───── EXTRACTED MATERIAL

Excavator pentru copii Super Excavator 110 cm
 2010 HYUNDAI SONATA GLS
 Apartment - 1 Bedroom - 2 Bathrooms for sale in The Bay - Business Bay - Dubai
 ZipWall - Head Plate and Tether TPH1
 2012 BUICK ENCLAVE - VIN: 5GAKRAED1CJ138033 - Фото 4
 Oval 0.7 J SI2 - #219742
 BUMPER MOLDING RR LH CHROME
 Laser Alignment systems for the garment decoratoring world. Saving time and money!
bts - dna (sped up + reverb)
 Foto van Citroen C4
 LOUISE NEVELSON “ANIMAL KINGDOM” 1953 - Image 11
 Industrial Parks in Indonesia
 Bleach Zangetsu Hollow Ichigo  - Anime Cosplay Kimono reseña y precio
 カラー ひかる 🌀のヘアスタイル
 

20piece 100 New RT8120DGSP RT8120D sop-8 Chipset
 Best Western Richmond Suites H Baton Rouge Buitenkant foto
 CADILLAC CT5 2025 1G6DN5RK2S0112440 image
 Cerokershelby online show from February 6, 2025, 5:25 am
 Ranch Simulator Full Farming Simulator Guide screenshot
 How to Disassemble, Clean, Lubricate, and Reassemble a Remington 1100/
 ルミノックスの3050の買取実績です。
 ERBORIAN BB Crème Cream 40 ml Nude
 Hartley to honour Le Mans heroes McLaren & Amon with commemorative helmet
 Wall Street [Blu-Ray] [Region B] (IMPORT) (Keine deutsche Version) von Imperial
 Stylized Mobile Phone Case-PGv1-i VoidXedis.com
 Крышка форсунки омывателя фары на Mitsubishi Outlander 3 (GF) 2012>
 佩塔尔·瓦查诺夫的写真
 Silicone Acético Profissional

──────────

• YOUR TASK:
Starting at the line that has "How to Disassemble, Clean, Lubricate, and" and ending at the line that has "佩塔尔·瓦查诺夫的写真", please write out the lines above exactly, leaving out all others.

• EXERCISE RESPONSE:
 How to Disassemble, Clean, Lubricate, and Reassemble a Remington 1100/
 ルミノックスの3050の買取実績です。
 ERBORIAN BB Crème Cream 40 ml Nude
 Hartley to honour Le Mans heroes McLaren & Amon with commemorative helmet
 Wall Street [Blu-Ray] [Region B] (IMPORT) (Keine deutsche Version) von Imperial
 Stylized Mobile Phone Case-PGv1-i VoidXedis.com
 Крышка форсунки омывателя фары на Mitsubishi Outlander 3 (GF) 2012>
 佩塔尔·瓦查诺夫的写真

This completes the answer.